Why this matters
Data validation rules are the guardrails that stop bad data from entering your analysis. In real projects, they help you:
- Prevent broken dashboards by catching impossible values (e.g., negative quantities).
- Protect KPIs by enforcing uniqueness and referential integrity (e.g., no duplicate order IDs, every category exists in a lookup).
- Cut rework time by flagging issues at ingestion instead of after modeling.
- Build trust: stakeholders rely on consistently validated numbers.
Who this is for
New and working Data Analysts who need reliable, repeatable checks for spreadsheets, SQL datasets, and Python/R pipelines.
Prerequisites
- Basic data types (string, number, date).
- Comfort with spreadsheets and/or SQL/Pandas.
- Understanding of your domain fields (e.g., what a valid order looks like).
Note: The quick test is available to everyone. Only logged-in users have their progress saved.
Concept explained simply
Think of validation rules as bouncers at a club. Each rule checks an entry: if it fails, the row is rejected or flagged.
Mental model
- Field-level: checks a single column (type, range, format, allowed values).
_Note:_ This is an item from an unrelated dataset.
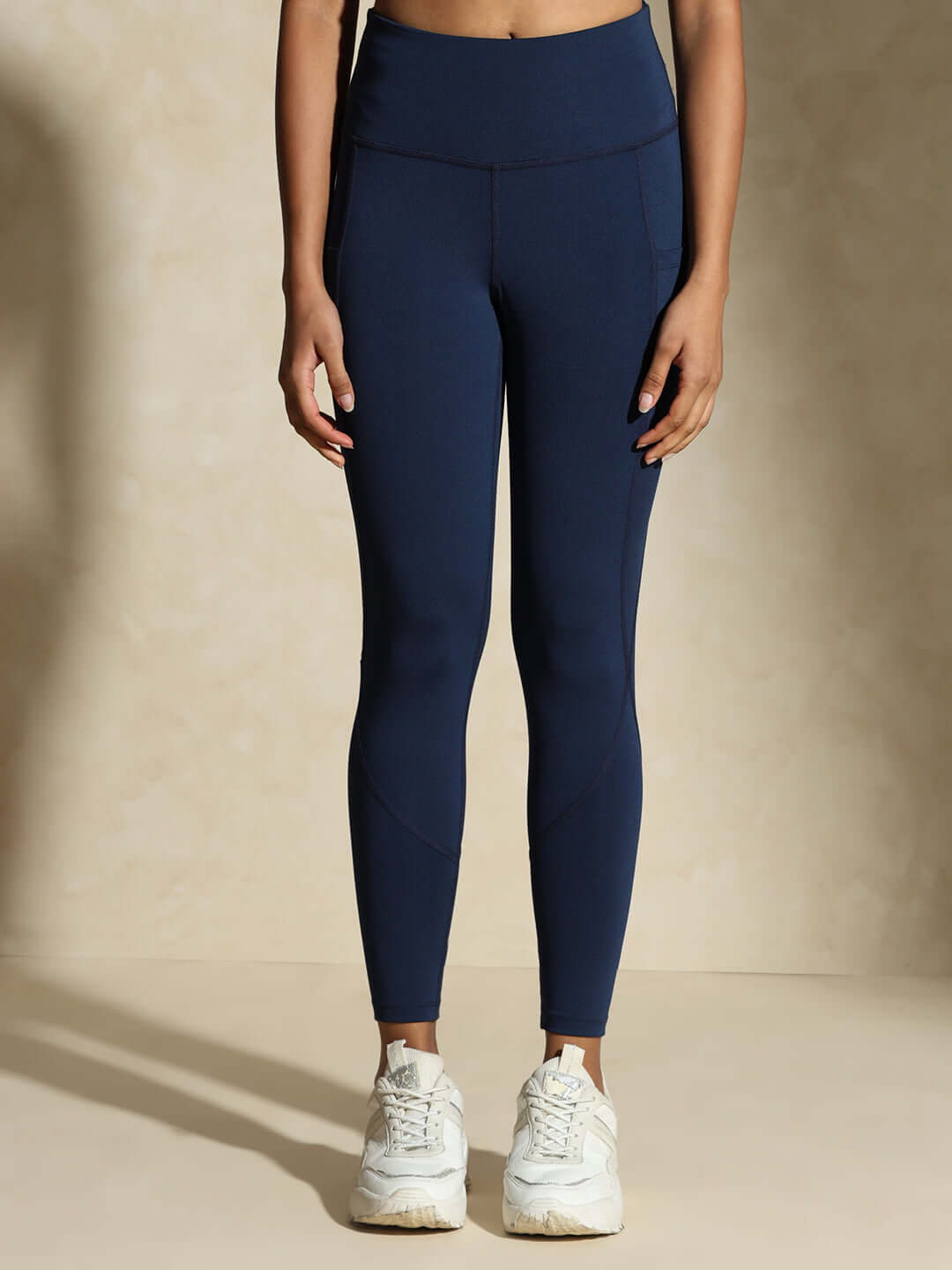 Navy Keyhole Back Crop Top with Clasp & Aura Leggings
- Row-level: checks combinations within a row (end_date ≥ start_date).
- Dataset-level: checks across rows (unique IDs, duplicate detection).
- Relational: checks across tables/lookups (foreign keys, category mapping).
- Severity: error (block), warning (flag), info (log).
Core rule types (with quick examples)
Field-level
- Type: quantity is integer.
- Range: discount between 0 and 0.5 inclusive.
- Allowed set: country in {US, CA, GB}.
- Format: order_id matches pattern O-\d+; email looks like user@domain.tld.
Row-level
- Cross-field: ship_date ≥ order_date.
- Derived: total_amount ≈ quantity * unit_price * (1 - discount) within tolerance (e.g., ±0.02).
Dataset-level
- Uniqueness: order_id unique and not null.
- Completeness: required fields not null.
Relational
- Referential integrity: category exists in categories lookup.
- Conditional mapping: currency matches country (US→USD, CA→CAD, GB→GBP).
Worked examples
Example 1: Spreadsheet data validation
- Select quantity column → set whole number → minimum 1.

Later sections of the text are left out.